- Blaine Location in Missouri Blaine Blaine (the United States)
- Coordinates: 37°56′58″N 94°23′06″W﻿ / ﻿37.9494801°N 94.3849506°W
- Country: United States
- State: Missouri
- County: Vernon
- Township: Osage
- Elevation: 764 ft (233 m)
- Time zone: UTC−6 (CST)
- • Summer (DST): UTC−5 (CDT)
- Area code: 417

= Blaine, Missouri =

Unincorporated community in Missouri, U.S.

Blaine is an unincorporated community in Osage Township, Vernon County, in the U.S. state of Missouri.

==History==
Blaine was platted in 1884 and named after James G. Blaine, an American statesman and Republican politician who was the Republican Party's presidential nominee that year.

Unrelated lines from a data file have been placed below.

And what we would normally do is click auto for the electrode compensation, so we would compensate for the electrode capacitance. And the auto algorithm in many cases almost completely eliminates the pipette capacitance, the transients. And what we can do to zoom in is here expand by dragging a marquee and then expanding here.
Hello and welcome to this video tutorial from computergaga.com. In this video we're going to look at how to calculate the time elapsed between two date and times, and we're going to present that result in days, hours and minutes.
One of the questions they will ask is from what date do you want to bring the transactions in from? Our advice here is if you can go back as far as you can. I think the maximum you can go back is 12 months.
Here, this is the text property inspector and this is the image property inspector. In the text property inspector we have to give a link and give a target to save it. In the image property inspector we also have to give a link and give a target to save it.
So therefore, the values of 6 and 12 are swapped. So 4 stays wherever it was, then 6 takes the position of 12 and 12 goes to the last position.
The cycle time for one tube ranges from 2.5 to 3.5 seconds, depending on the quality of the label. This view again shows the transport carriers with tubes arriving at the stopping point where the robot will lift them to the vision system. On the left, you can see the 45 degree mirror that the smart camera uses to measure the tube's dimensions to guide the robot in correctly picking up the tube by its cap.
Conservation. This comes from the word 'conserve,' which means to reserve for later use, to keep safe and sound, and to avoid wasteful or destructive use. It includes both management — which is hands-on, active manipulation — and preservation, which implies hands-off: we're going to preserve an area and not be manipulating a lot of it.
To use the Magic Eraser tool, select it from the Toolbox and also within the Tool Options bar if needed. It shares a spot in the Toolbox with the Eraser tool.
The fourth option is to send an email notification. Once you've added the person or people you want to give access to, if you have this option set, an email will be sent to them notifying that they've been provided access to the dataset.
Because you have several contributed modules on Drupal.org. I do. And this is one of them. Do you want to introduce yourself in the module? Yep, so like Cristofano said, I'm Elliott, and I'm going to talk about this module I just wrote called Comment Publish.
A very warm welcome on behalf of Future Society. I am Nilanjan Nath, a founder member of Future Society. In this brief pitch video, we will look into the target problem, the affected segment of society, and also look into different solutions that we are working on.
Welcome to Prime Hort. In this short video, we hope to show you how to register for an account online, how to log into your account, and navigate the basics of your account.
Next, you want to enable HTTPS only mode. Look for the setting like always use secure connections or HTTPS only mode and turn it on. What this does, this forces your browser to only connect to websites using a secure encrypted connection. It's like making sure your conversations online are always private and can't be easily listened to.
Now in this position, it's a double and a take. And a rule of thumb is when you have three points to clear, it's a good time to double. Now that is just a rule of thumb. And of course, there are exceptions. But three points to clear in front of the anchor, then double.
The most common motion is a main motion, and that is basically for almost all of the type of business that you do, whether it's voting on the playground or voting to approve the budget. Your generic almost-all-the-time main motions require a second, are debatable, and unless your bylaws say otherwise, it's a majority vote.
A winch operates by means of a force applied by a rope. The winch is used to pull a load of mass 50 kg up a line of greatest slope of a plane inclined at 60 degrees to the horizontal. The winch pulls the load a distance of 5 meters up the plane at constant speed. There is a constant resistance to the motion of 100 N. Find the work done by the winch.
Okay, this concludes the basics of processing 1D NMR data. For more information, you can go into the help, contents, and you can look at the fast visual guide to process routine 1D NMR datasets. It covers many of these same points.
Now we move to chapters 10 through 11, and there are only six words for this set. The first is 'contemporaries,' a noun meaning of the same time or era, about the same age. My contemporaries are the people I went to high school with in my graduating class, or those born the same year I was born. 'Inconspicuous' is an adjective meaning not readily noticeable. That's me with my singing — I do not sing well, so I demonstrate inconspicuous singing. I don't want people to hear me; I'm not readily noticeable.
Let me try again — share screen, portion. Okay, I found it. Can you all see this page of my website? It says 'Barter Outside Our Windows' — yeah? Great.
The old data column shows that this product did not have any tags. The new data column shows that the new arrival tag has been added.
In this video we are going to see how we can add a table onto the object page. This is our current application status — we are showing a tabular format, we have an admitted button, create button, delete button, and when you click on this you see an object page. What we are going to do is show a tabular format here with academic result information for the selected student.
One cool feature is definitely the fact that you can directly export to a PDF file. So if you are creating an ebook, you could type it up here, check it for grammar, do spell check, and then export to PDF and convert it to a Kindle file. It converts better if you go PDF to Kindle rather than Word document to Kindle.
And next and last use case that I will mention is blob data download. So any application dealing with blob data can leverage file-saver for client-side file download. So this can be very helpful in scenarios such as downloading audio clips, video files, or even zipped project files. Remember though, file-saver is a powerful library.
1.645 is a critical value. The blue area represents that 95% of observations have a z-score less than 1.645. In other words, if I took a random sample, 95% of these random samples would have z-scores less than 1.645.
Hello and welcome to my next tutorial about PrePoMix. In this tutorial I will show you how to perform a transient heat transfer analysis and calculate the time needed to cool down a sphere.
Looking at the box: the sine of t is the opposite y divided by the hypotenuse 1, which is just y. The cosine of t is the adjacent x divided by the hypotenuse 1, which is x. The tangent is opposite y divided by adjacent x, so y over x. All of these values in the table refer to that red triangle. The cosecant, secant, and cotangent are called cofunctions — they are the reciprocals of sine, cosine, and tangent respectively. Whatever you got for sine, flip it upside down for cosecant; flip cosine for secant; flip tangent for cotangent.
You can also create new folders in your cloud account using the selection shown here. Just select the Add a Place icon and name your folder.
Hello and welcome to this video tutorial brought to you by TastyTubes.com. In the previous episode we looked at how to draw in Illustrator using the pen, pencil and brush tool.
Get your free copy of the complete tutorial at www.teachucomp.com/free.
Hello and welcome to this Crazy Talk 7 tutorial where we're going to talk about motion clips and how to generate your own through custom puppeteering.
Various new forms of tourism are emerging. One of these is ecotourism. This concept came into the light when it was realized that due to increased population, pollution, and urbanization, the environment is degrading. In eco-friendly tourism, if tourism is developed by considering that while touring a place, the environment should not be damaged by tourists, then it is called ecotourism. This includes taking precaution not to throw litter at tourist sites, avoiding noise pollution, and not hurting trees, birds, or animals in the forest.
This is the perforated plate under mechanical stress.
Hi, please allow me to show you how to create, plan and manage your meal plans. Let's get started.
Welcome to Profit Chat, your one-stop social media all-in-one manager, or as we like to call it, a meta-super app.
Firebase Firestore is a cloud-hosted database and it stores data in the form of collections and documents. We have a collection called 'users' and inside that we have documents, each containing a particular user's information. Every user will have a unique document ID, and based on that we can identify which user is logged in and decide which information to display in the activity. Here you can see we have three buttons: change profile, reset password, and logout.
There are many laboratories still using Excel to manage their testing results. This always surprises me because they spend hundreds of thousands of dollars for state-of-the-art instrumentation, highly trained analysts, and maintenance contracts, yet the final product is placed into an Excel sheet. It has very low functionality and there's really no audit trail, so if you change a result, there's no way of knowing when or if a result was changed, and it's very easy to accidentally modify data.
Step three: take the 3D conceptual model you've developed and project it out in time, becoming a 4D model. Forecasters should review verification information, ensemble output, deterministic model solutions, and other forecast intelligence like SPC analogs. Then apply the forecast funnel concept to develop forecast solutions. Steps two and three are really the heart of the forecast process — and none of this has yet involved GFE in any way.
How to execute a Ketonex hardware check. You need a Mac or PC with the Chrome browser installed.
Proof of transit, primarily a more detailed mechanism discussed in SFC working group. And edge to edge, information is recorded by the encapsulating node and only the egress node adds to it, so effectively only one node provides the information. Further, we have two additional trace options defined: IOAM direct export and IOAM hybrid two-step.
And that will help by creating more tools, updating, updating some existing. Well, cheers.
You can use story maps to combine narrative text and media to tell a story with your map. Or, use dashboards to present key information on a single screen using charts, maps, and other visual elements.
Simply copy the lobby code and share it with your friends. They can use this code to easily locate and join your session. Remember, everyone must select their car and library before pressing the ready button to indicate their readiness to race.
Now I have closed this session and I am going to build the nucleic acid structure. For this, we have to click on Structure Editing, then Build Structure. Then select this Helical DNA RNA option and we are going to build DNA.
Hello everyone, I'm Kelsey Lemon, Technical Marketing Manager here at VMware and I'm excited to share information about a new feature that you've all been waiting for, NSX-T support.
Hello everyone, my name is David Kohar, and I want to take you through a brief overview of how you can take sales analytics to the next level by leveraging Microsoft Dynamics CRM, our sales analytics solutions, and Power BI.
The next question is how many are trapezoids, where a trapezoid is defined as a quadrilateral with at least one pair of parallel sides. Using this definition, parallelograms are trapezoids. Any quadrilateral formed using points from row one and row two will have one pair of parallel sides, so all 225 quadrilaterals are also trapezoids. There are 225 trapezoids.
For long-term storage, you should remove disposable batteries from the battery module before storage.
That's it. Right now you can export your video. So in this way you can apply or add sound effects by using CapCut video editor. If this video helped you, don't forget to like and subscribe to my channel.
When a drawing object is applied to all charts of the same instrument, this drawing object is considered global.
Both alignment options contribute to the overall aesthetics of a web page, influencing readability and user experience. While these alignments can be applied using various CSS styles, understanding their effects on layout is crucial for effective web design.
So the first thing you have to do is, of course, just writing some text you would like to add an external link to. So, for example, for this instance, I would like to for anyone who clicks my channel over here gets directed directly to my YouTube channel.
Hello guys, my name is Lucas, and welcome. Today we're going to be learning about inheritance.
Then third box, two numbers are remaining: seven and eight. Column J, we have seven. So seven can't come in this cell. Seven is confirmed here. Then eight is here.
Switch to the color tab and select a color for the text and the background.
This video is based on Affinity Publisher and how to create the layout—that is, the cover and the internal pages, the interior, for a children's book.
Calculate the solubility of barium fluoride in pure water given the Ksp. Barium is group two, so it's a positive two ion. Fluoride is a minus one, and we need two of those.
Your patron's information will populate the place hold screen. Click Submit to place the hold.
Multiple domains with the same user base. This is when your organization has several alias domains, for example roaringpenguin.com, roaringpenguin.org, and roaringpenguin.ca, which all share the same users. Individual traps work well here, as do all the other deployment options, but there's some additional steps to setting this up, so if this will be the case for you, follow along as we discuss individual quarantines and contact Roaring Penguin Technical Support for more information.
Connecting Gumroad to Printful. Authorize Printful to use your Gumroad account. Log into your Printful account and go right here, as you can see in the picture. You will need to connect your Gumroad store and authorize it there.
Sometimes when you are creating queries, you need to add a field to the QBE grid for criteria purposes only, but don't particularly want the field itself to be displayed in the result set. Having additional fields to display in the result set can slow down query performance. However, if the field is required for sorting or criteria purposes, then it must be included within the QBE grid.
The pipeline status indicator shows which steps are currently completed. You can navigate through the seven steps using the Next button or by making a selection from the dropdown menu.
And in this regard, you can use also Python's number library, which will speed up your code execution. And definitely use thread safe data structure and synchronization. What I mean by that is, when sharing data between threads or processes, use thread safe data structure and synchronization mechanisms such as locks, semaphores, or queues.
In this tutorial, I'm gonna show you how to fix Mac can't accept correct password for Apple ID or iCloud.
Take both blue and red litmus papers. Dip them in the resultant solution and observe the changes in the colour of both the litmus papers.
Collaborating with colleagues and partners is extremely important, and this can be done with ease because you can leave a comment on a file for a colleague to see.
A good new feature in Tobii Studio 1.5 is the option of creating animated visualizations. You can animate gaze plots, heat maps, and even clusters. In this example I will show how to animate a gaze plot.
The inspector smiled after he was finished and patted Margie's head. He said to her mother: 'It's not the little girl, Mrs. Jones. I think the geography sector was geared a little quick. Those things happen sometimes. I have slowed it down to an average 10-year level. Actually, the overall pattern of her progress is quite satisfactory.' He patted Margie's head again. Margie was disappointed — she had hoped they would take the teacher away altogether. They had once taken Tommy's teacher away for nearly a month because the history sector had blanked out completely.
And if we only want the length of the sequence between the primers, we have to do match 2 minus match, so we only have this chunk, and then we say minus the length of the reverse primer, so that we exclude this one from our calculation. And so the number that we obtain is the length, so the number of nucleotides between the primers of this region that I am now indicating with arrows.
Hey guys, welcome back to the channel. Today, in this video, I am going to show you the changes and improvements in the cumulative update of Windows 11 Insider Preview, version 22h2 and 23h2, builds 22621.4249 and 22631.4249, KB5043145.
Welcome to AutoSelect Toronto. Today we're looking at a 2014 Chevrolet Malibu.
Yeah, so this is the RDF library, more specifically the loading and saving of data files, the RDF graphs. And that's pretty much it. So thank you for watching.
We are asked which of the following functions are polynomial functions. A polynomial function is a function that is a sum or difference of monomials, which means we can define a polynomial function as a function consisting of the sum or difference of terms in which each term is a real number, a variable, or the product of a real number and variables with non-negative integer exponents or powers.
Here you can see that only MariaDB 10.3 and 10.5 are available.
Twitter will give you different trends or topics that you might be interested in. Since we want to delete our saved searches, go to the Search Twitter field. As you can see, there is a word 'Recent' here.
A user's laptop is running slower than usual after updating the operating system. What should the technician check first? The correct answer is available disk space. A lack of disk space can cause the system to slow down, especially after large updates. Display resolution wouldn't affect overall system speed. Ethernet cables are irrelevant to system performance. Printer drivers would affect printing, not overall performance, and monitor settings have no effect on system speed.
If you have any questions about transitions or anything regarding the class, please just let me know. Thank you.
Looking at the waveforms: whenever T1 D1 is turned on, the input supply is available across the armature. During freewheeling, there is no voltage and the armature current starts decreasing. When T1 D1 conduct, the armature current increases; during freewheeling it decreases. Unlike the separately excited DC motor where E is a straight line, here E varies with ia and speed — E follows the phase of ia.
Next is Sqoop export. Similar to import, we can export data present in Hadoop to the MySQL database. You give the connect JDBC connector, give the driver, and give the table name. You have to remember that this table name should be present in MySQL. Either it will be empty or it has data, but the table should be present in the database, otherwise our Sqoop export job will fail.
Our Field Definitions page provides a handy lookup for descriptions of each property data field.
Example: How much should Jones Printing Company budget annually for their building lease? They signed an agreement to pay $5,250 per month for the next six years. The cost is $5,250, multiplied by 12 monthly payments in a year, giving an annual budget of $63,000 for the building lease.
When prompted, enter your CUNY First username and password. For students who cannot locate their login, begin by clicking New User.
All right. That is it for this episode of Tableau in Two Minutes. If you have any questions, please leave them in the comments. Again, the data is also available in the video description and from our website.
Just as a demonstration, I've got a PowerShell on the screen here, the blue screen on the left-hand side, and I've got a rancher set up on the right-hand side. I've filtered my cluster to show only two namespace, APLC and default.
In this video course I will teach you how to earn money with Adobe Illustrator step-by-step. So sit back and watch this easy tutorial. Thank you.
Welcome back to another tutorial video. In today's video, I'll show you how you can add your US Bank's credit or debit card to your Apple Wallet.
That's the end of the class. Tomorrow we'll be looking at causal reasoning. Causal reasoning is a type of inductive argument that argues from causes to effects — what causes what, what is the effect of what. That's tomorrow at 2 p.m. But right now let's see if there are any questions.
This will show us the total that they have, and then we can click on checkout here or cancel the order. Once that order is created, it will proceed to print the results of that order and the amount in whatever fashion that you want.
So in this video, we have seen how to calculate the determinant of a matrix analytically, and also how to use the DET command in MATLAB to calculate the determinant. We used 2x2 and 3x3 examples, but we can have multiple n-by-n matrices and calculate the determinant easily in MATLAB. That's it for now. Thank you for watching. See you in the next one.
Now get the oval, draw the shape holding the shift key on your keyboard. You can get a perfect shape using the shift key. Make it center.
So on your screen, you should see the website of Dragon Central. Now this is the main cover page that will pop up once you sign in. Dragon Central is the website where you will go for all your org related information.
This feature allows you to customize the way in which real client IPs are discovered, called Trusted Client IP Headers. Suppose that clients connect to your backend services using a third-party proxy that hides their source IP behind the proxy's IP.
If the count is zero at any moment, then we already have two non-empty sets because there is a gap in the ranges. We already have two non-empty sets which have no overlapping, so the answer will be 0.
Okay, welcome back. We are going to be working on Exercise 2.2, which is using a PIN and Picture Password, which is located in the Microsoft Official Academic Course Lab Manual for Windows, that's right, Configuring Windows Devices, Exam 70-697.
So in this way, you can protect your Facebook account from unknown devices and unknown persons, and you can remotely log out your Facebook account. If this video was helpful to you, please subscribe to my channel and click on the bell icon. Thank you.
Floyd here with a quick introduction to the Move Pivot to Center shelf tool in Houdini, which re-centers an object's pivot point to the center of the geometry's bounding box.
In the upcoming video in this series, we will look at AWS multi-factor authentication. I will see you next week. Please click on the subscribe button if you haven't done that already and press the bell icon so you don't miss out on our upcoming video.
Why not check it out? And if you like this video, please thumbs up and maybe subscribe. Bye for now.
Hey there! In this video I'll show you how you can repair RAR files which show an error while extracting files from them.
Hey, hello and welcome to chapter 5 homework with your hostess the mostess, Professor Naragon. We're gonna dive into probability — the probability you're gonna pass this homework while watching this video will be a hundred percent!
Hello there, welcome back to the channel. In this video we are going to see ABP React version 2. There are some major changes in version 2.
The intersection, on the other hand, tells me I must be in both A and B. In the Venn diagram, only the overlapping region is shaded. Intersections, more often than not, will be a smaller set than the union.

Blaine had previously served as Speaker of the House, U.S. Senator from Maine, and Secretary of State; he lost the 1884 election to Grover Cleveland by a narrow margin.

A post office called Blaine was established in 1884 and remained in operation until 1888.

==Geography==
Blaine is located in Osage Township in the northern part of Vernon County, approximately 8 mi north of Nevada, the county seat. The community sits at an elevation of 764 ft above sea level on the gently rolling prairies characteristic of the Osage Plains.

Osage Township was established in 1855 when Vernon County was organized and takes its name from the Osage people, who historically controlled a vast territory in the region. The Osage Village State Historic Site, preserving an archaeological site of a major Osage village occupied from approximately 1700 to 1775, is located elsewhere in Vernon County.